Quello che gli scrittori non dovrebbero mai fare

Quello che gli scrittori non dovrebbero mai fare

A dire il vero, le avvisaglie non mancavano. Trasmissioni radiofoniche dove lo scrittore di successo balbettava una banalità dopo l’altra. Presentazioni pubbliche di romanzi dove il primo a sbadigliare era il presentatore. E poi una sensazione di entropia, come se con il passare del tempo la letteratura attirasse gente sempre più grigia, sempre meno affascinante. A toglierci l’ultima illusione sulla statura morale dei romanzieri viene ora l’irriverente pamphlet di Cristiano Armati Cose che gli aspiranti scrittori farebbero bene a non fare ma che invece fanno (Giulio Perrone editore, pagg. 94, euro 10). Funzionario editoriale di lungo corso - editor della Newton Compton, di Coniglio editore nonché, fino a qualche giorno fa, direttore editoriale per Castelvecchi - Armati negli ultimi anni ha affrontato stuoli di aspiranti scrittori, ognuno con un manoscritto sottobraccio da sbolognare. E il quadro che ha tratto da questa esperienza non è edificante.
La denuncia della dabbenaggine di chi vuole esordire nel campo minato dell’editoria comincia con la segnalazione di piccoli, tragici errori. Per esempio, vi sono autori che spediscono il manoscritto per raccomandata, costringendo la casa editrice a mandare qualcuno a fare la fila all’ufficio postale. Ma anche se il postino trovasse una segretaria per la firma di prammatica, nota Armati che «la forma della lettera raccomandata è per sua natura associata a un problema e non certo a un’opportunità.

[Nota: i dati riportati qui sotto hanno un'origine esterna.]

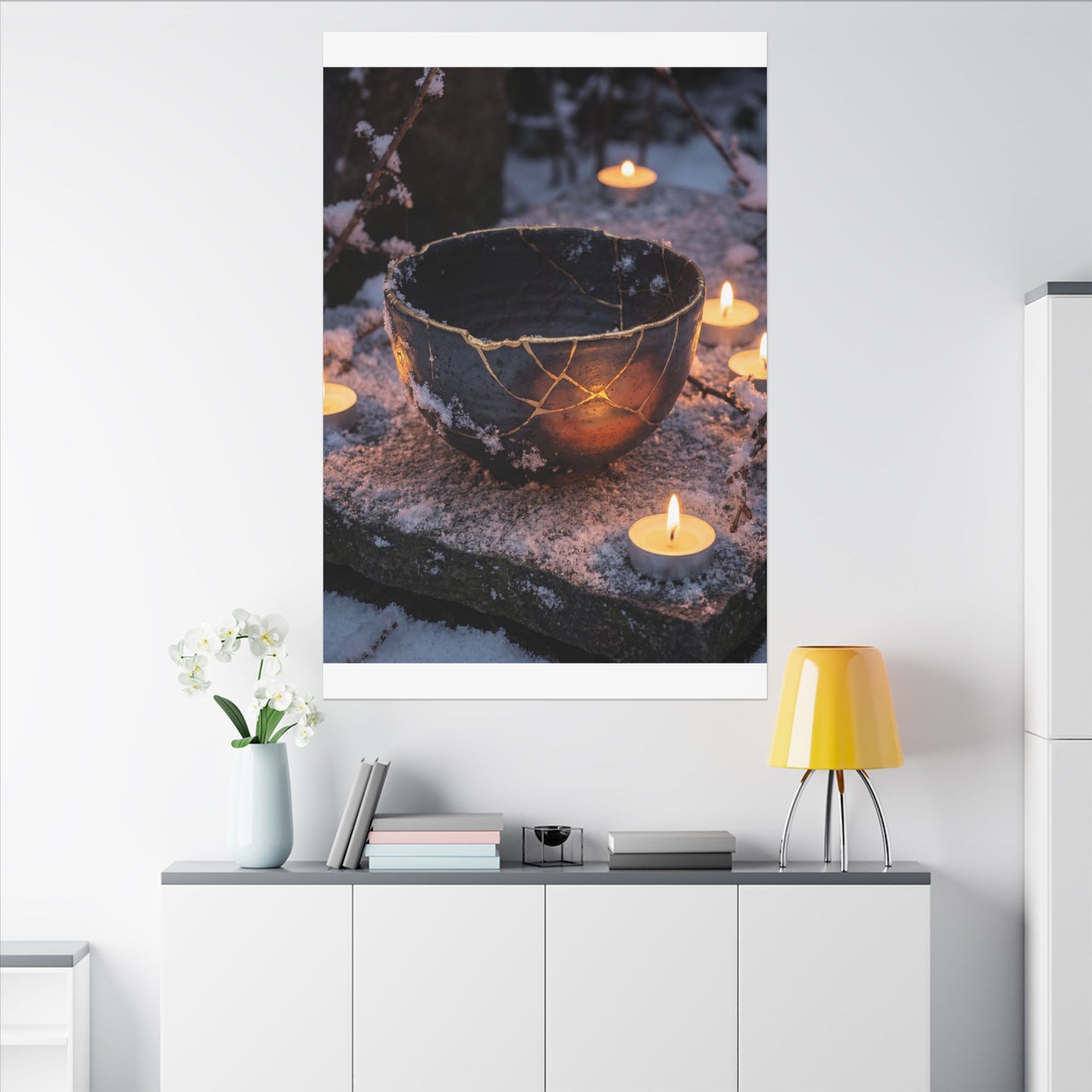 Ceramic Bowl Gold Repair Canvas Art | Beautiful Kintsugi Art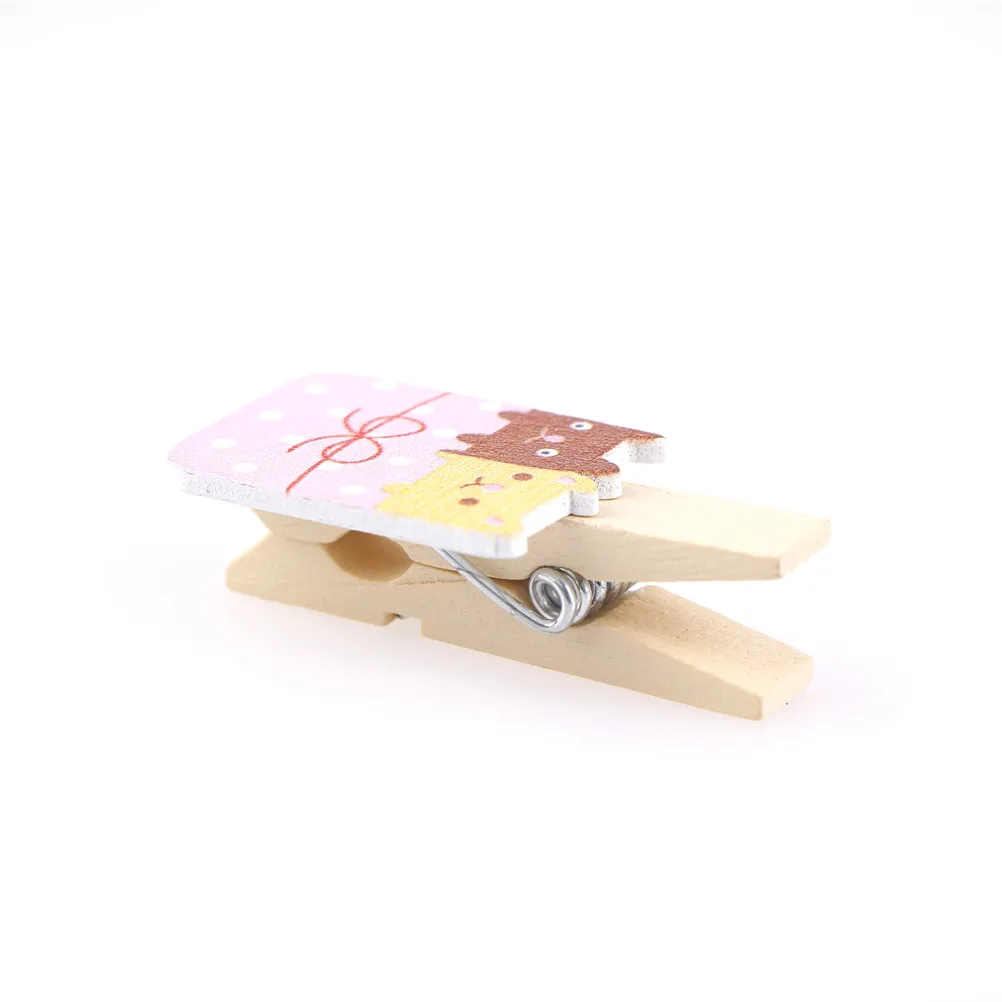 10pcs DIY School Office Binding Supplies Cartoon Wooden Paper Clip Bookmark For Album With Rope Message Stickers | Канцтовары для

Le multe, gli atti giudiziari e le denunce arrivano per raccomandata». Altri scrittori, ancora più esperti nel darsi la zappa sui piedi, scrivono sul loro romanzo «Attenzione! Il presente manoscritto è depositato alla SIAE, sezione OLAF». La misteriosa sezione OLAF della SIAE, naturalmente, si limita a prendere nota dell’oggetto depositato, ma intanto chi apre la busta si sente minacciato. È come se lo scrittore dubitasse dell’onestà di chi leggerà il manoscritto e lo accusasse di essere, potenzialmente, un plagiario. C’è poi la genìa dei «dottori, notai e professori convinti di sfuggire al problema di scrivere un buon libro allegando una lettera di presentazione particolarmente ampollosa». Sono gli scrittori che «millantano crediti». Fra i millantatori, meritano di finire in una categoria a parte quelli che fanno fretta all’editor vantando futuri contratti con Mondadori, Feltrinelli e persino con Random House, che secondo loro non vedrebbero l’ora di pubblicarli. Guai a chiedersi come mai, vista l’imminenza di un tale evento, i medesimi autori continuino a spedire il romanzo a case editrici minori: evidentemente la logica non è una virtù da letterati.
Categoria a parte anche per gli scrittori che assicurano di aver fatto leggere il manoscritto agli amici, i quali avrebbero apprezzato. «A questo tipo di scrittore - osserva Armati - ricordo sempre che l’editoria è l’esatto contrario degli amici. Se bisognasse raggiungere gli amici sarebbe sufficiente la copisteria del paese». I peggiori? Quelli che mandano il romanzo, poi telefonano dopo una settimana per avvertire che il testo inviato è da buttare e che c’è una nuova versione di cui tener conto... Per tacere dei persecutori su facebook, via mail e, con agguati, per strada; di quelli che fanno paragoni («Con tutta la m. che si pubblica...»); e finire con i qualunquisti da strapazzo («In Italia, se non hai qualcuno alle spalle non vai da nessuna parte»).
Insomma, a quanto pare gli aspiranti scrittori non sarebbero solo narcisi: sarebbero - soprattutto - dei villani. Loro colpa non è la presunzione luciferina dei geni, che inevitabilmente sconfina nel maltrattamento dell’alter. È, piuttosto, la mancanza di uso di mondo.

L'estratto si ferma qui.